Tracking Algorithm


The camera program is written in C++. It is separated into two sections, the main processing and debugging. These two sections can be found in camera.cpp and debug.cpp respectively. Calibration values can be found in config.txt which can be edited without recompiling the program.

Main Program Flowchart
Flowchart of the program

Our program will launch on startup and enter either competition or debug mode upon selection by the user. The code behind the tracking program will be explained in this article while debugging will be covered under GUI (next article).



Speed and latency as well as accuracy and reliability were some considerations while we coded our tracking program.

Speed & Latency

We wanted a program which could track objects above 60 FPS with minimal latency. Since our robot is moving at high speeds throughout the game, it is important to have high refresh rates so that the movement of the robot will be fluid. It is also essential for the robot to have minimal latency to avoid low responsiveness and overshooting the ball while tracking it. From past year’s experience, our robot would overshoot while moving towards the ball which could be explained by the low FPS and high latency of the program as we were using python back then.

Accuracy & Reliability

We also wanted a program which can track the objects on the field accurately while doing so reliably. Given that we are using an omnidirectional mirror, the images captured will be distorted and minimised. Furthermore, our mirror is not completely smooth, thus the image will be slightly blurred. To compensate for these problems arising from the choice of an omnidirectional mirror, we had to create a program which has high accuracy and reliability at detecting objects. Moreover, we had to discern between the objects in the field and unwanted objects outside of the field accurately to prevent detecting false positives.
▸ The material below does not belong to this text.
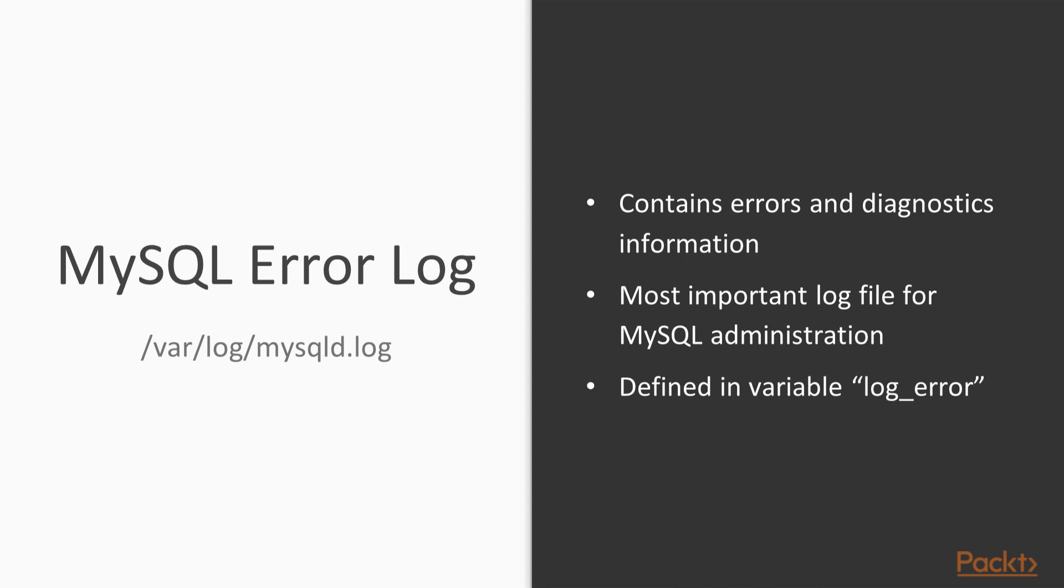So let's get started by looking at what log file we can use to determine where there is a problem. The most important file to start diagnostics is the MySQL error log. Despite its name, this file does not only contain errors but also useful diagnostics information.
We used several algorithms and techniques to fulfill the considerations we had.

Circular buffer

To avoid race conditions where one thread is reading the image while another is writing into the same image array, we implemented the circular buffer. With the circular buffer, each thread is not hindered by another thread while trying to access information. As such, race conditions can be prevented and our program is more efficient.

Image Processing

Image Processing Flowchart
Image Processing Flowchart

Kalman Filter

In order to provide an accurate prediction of the ball in situations where it is obscured by other elements on the field, we employed the kalman filter. With the kalman filter, we can have a better idea of where the ball was based on the trajectory of the ball. However, due to the non-linear nature of the image from our curved mirror, we mapped the ball from the image to real world coordinates before applying the kalman filter. This way, the kalman filter is applied effectively.


Since we are tracking multiple different objects on the field, ball, goals, area of the field, we utilised threading to improve the performance of our program.


The most common issue with threading is race condition where a variable is accessed while it is being edited, corrupting the data. Hence, we took extra precautions in our program to prevent this fatal error. Through the use of the atomic variables and locks, we created a program free of race conditions. Another precaution we took was the possibility of locks decreasing the performance of our program. We minimise the impacts of locks on our program by implementing the circular buffer as described above.

Dynamic priority

Keeping in mind not all the elements need to be tracked at the highest frame rate possible all the time, we effectively allocate the available computing resources with dynamic priority implementation. Priorities for different objects can be controlled by the main microcontroller. For example, if the robot is not in possession of the ball, it will run the ball tracking thread at the highest possible performance while other elements like the field and the goals can be placed at a lower priority.